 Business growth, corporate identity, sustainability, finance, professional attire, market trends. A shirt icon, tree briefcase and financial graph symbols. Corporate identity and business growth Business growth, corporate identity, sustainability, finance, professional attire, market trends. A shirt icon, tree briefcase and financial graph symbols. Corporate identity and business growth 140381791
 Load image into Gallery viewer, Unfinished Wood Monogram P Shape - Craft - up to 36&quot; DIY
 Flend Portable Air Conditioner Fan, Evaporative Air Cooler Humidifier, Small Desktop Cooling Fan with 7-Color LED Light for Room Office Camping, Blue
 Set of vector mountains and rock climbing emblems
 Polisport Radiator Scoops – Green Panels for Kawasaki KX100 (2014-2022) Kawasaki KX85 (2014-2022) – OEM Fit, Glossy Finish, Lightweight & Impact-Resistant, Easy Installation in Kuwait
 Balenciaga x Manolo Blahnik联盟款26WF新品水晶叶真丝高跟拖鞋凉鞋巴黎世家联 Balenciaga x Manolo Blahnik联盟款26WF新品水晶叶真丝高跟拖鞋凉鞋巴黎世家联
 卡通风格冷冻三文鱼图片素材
☆ ☆ ☆ ☆
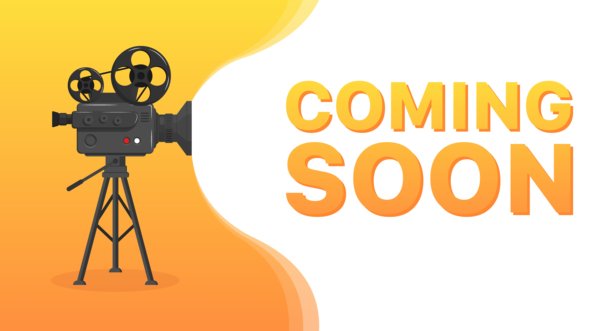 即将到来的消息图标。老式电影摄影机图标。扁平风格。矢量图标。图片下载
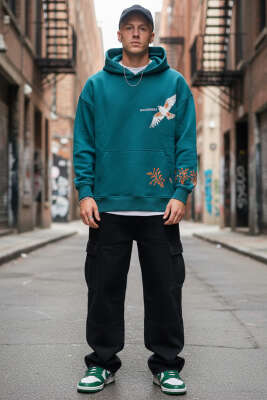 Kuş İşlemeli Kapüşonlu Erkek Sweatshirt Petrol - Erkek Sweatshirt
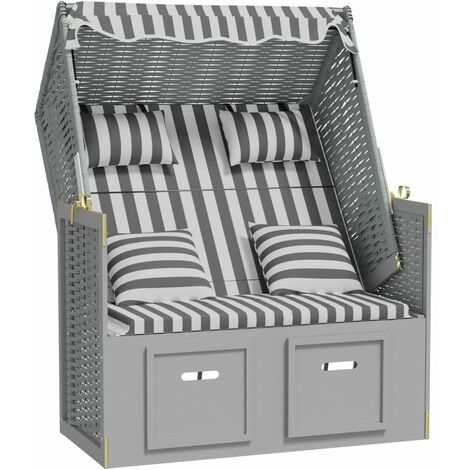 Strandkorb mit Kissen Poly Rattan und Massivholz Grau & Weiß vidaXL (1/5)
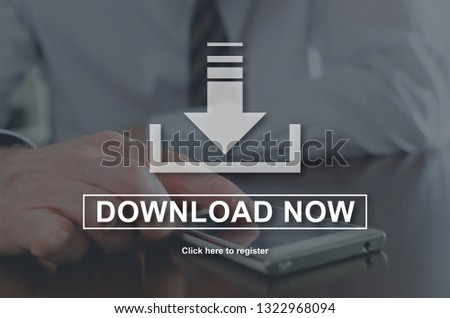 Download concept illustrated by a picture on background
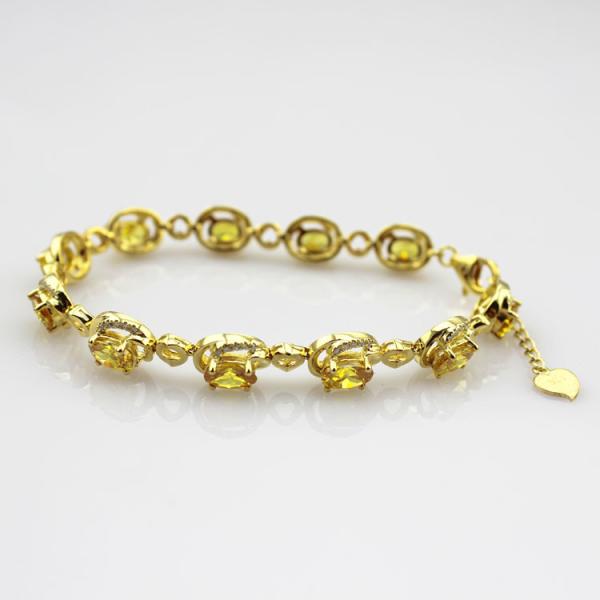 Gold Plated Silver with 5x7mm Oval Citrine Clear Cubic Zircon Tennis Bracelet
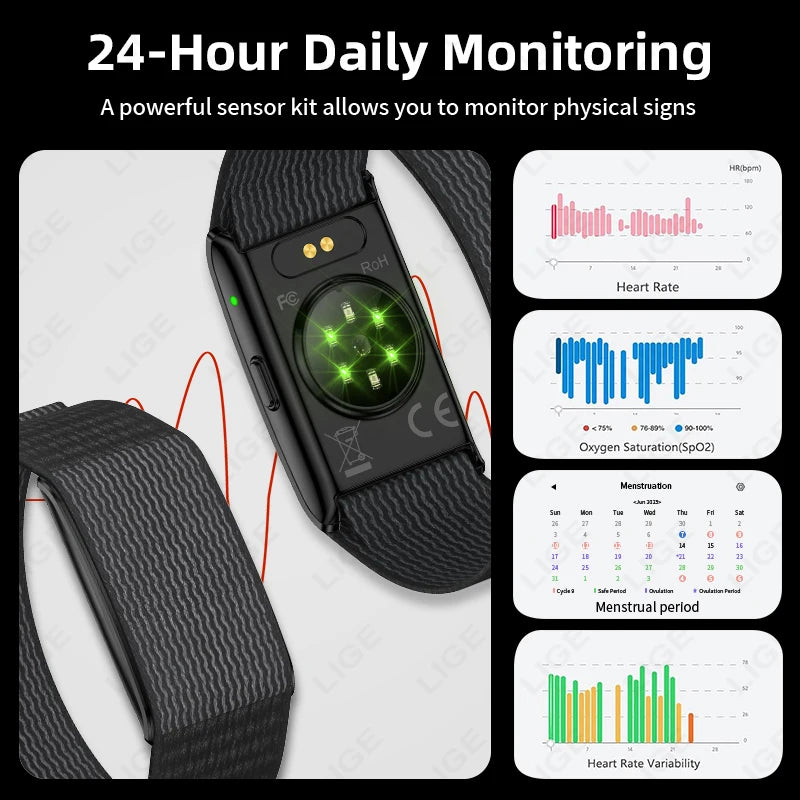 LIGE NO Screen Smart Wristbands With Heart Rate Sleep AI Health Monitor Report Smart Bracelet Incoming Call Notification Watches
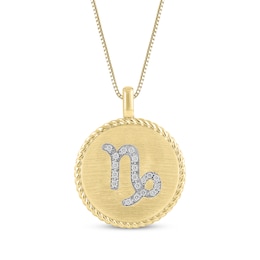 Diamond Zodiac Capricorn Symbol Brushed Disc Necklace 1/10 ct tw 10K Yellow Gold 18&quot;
☆ ☆ ☆ ☆
Could the stretch from the line with "Kuş İşlemeli Kapüşonlu" through the line with "Diamond Zodiac Capricorn" in the listing above be restated word for word, minus the pictures?

 Kuş İşlemeli Kapüşonlu Erkek Sweatshirt Petrol - Erkek Sweatshirt
 Strandkorb mit Kissen Poly Rattan und Massivholz Grau & Weiß vidaXL (1/5)
 Download concept illustrated by a picture on background
 Gold Plated Silver with 5x7mm Oval Citrine Clear Cubic Zircon Tennis Bracelet
 LIGE NO Screen Smart Wristbands With Heart Rate Sleep AI Health Monitor Report Smart Bracelet Incoming Call Notification Watches
 Diamond Zodiac Capricorn Symbol Brushed Disc Necklace 1/10 ct tw 10K Yellow Gold 18&quot;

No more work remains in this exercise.